Source: Network-scale crawler analysis, Q1 2026

The takeaway is not the exact ranking — it will be different next month — but the shape: a handful of AI user-agents now generate request volumes that rival the search engines you have optimised for since 2010. If your logging and rules still treat "bot" as a single bucket, you are blind to the half of it that is growing fastest.

Most of that crawling is for training, not search

Why are these bots reading so much? Overwhelmingly to build training corpora, not to answer live queries. Over the most recent six-month window, 82% of AI crawling was for model training, 15% for search indexing, and just 3% for real-time user actions. A year earlier the training share was 72%. The trend is moving away from "a user asked a question and the bot fetched your page" toward "a bot is bulk-reading the web to train the next model."

What AI crawling is for (last 6 months)

Training dominates; live search and user actions are a small minority.

Source: Network-scale crawler analysis, Jan-Jul 2025

This matters because the three purposes have very different value to you.

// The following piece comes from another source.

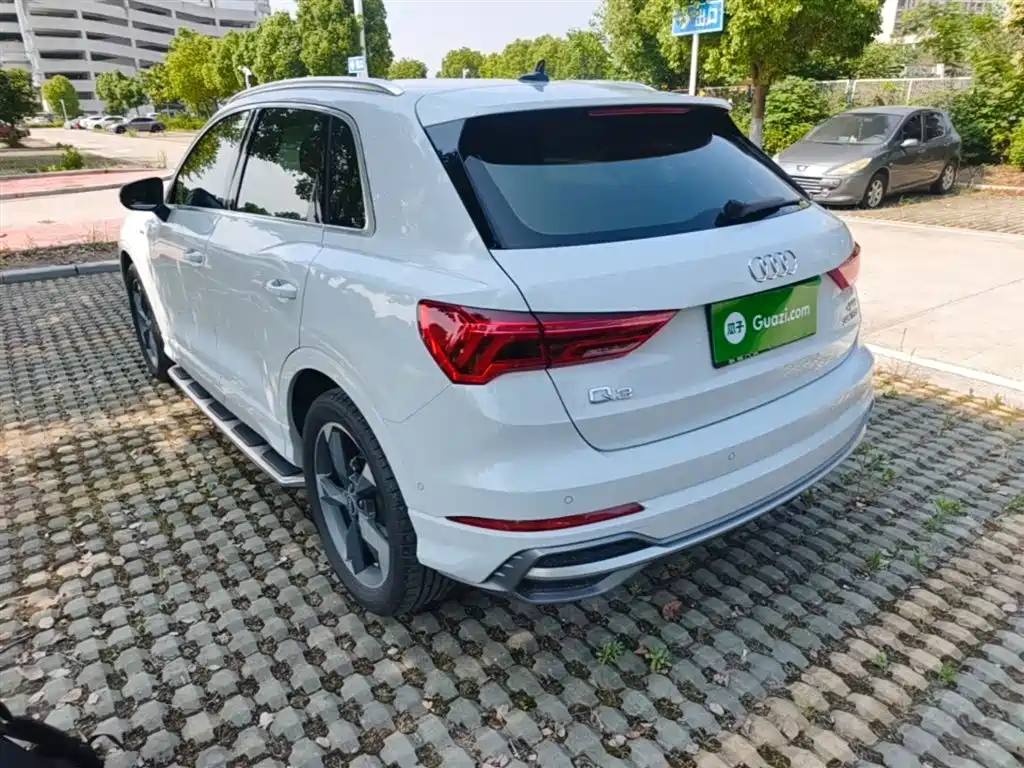 Audi Q3 2023 35 TFSI Fashion (1.4T)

A search-indexing crawl can surface your page in an AI answer with a citation and a click. A user-action fetch means a real person is, right now, looking at something that referenced you. A training crawl gives you neither — your content is absorbed into a model with no link, no attribution, and no traffic. When 82% of the crawling is training, most of the bandwidth you serve to AI bots returns nothing measurable.

The crawl-to-refer gap is the number that matters

Which brings us back to the opening figure. The crawl-to-refer ratio — pages crawled divided by visitors referred — is the cleanest single measure of whether a bot is a fair trade. The gap between operators is staggering.

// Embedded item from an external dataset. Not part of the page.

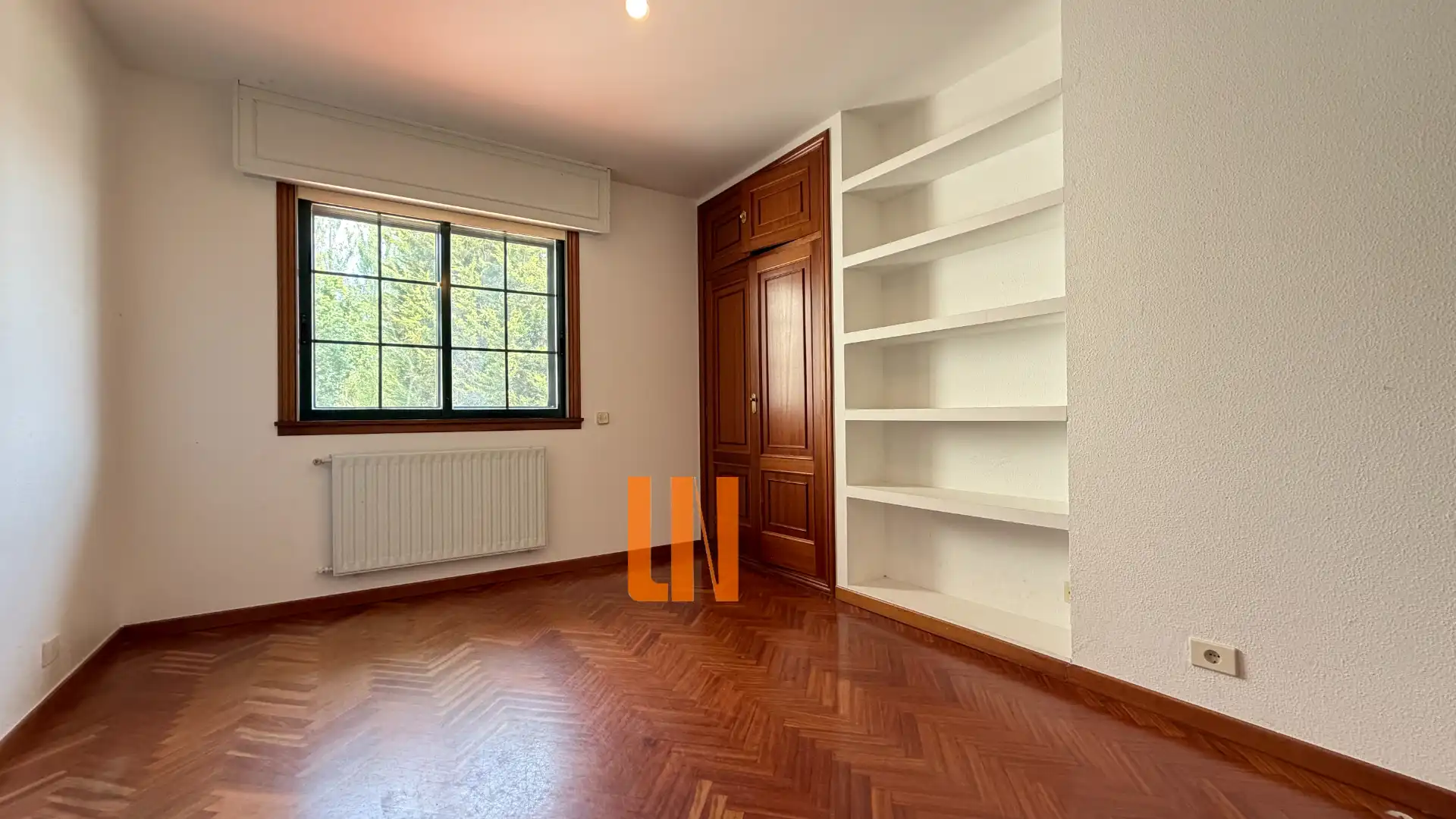 Habitación de Casa adosada en venta en Oleiros con Calefacción, Jardín privado y Parquet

Pages crawled per referral sent back (Jan-Mar 2026)

A four-order-of-magnitude gap between training-heavy crawlers and search.

Source: GEO data report compiling network-scale radar data

ClaudeBot's ~24,000:1 and GPTBot's ~1,276:1 reflect their training-heavy behaviour: they read enormous volumes and, because most of that reading never surfaces as a cited answer, they send back almost nothing. PerplexityBot (111:1) and Copilot (33:1) are search-and-answer products, so they crawl less per referral and return more. DuckDuckBot's 1.5:1 is what a traditional search relationship looks like — roughly a visit for a page.

These ratios are not static. One operator's ratio improved from nearly 287,000:1 in January 2025 to around 38,000:1 by mid-year — a real reduction, but still three to four orders of magnitude worse than search. Others moved the wrong way: one answer engine more than tripled its crawl load relative to referrals over the same period. Watch the direction, not just the snapshot.

What this means for site owners

First, stop treating AI bots as one decision. Blocking everything in robots.txt protects bandwidth but removes you from the AI answers that increasingly drive discovery — a real cost as more buyers start their research inside an assistant. Allowing everything means serving tens of thousands of training crawls for every visitor you get back. The right move is per-bot: allow and optimise the search-and-answer crawlers that cite and refer (the low-ratio ones), and make a deliberate, eyes-open choice about the training-only crawlers at the high end.

Second, measure the return, not just the volume. Server logs tell you who crawled. They do not tell you who sent a human back. Pair your crawl logs with referral data so you can compute your own crawl-to-refer ratio per bot. If a user-agent is reading thousands of pages a week and your referral data shows zero traffic from its parent product, you are subsidising a training run — and you should decide, deliberately, whether that is worth it.

Third, serve crawlers content they can actually use. The bots that do refer can only cite what they can parse. Pages that render blank without JavaScript contribute nothing to an AI answer no matter how often they are fetched. Making your key pages fully readable — clean, server-rendered, semantically explicit HTML — is what converts a crawl into a citation, and a citation into the rare, valuable referral that the crawl-to-refer numbers show is so hard to earn.

The bots are not going to crawl less. The only variable you control is whether all that reading turns into anything for you.